But, is it exactly what you wanted? To know that it is, the only thing you can do is to actually interact with it, or in other words, test it. Why is it? The reason is that your words are not deterministic, any natural language is vague. It's not that Ust can't understand you or that you can't explain it. It is just that the language itself is not precise enough. The communication medium is not fit to transfer the exact idea from one mind to another.

You can say, "Hold on, I can clarify it further." You can, which will narrow down the possibilities, but it will never be exact. You can say, "I want a ToDo app that has a list of tasks, and I can add, remove, and mark them as done." This is better, but still not exact. What do you mean by "mark them as done"? Do you want a checkbox, a button, or a swipe? Do you want to be able to undo it? Do you want to be able to see the history of changes? And so on.
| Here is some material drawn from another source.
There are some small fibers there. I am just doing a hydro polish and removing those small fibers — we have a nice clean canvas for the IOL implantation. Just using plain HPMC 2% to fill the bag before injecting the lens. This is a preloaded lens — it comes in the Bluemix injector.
You will always need to test it to ensure the software meets your needs. This is why natural language will never replace programming.

It is not a question of bigger models, it is a question of communication medium!
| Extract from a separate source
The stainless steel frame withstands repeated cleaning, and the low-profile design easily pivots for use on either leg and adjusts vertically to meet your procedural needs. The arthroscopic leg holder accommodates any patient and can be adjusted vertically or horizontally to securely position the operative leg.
Data is the new programming language

Now let's imagine that instead of giving Ust a vague description of what you want, you give tests, or just examples of inputs and outputs to the system it needs to build. You can say, "I want a ToDo app that when I send it a list of tasks containing this data, it will return me a list of tasks with the new one added containing that data." You describe precisely the shape of the data that goes in and out of the system. You might supplement it with some natural language, which will help Ust to understand the context, but the core of the communication is the data.
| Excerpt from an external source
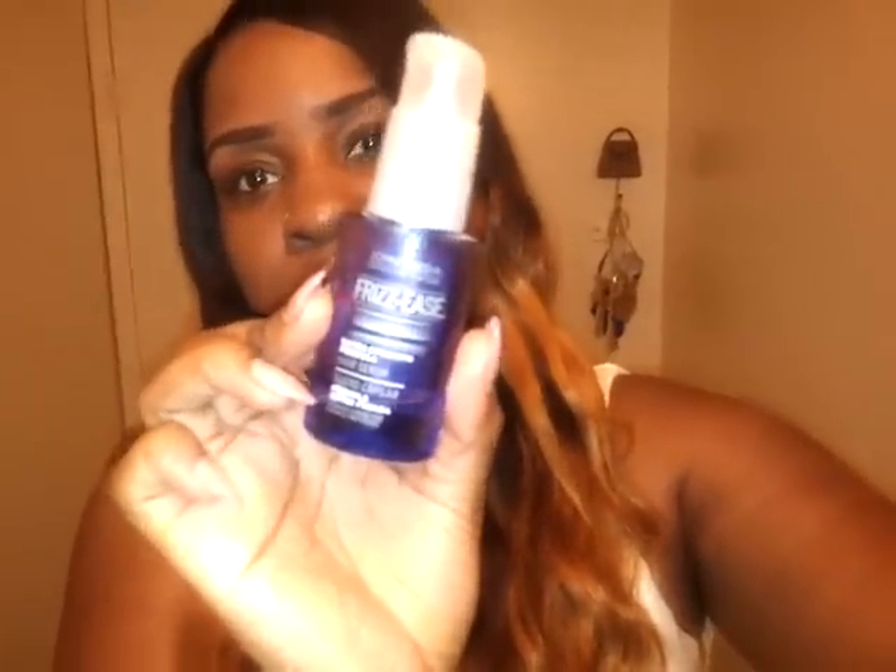Let me tell you, it was frizzy at first, but then I put some of this John Frieda frizz product in it — girl, let me tell you, this stuff made it so sleek. I had combed it out and I'm gonna wash it again and show y'all. But that stuff works, and what I did was I put it on the hair while it was wet. When you put it on the hair while it's wet, it makes a major difference.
Now Ust, again, being what it is, guarantees that your requirements will be satisfied exactly. Only now, you do not need to test the result, because your requirements are exact this time. It is not ambiguous, it is not vague, it is precise.
If I say, here is a function doStuff(a: number, b: number): number, and here is what it does:

  • doStuff(1, 2) => 3
  • doStuff(2, 3) => 5
  • doStuff(-10, 4) => -6

I never explained what the function does in a natural language, but you know exactly what it does.

Data is a human language too

You are using data to communicate clearly all the time. Just recall a situation when you had dialog like this:

  • "I want a drawer because I do not have enough space for my stuff."
  • "What stuff?"
  • "My office supplies"
  • "Like stapler, paper, pens?"
  • "No like I use these binders, that are kinda this big, and I have like 10 of them."

There are two things to notice here. The conversation starts by setting a general direction. This is the natural language part. But as soon as the other person asks for more details, you switch to data and not only data, you almost always give examples. We love examples because they are precise, they are clear, they are unambiguous. They communicate exactly what we want.

I argue that examples are the tests, the use cases that define the behaviour and disambiguate the requirements.

Using natural language to describe system behavior is like using a flashlight to point—it's general but not precise. Using data is like a laser pointer...

Data vs natural language

I realize that "data" is in principle suffers from the same basic problem as natural language. In fact, it is a language too. And that you can structure your language in the way that it is, effectively, an algorithm. In the end, I am using natural language here, but my main argument is that it is ambiguous.

Using natural language to describe system behavior is like using a flashlight to point—it's general but not precise. Using data is like a laser pointer—more precise, though still not perfect.


Natural language is not the new programming language, data is. Data is the language that is precise, clear, and unambiguous.

I am not arguing that using natural language has no place in software engineering, the opposite is true. It was and will be the main way to communicate the general direction, the context, the constraints, and the goals. But it is not the way to communicate the exact requirements. For that, you need data.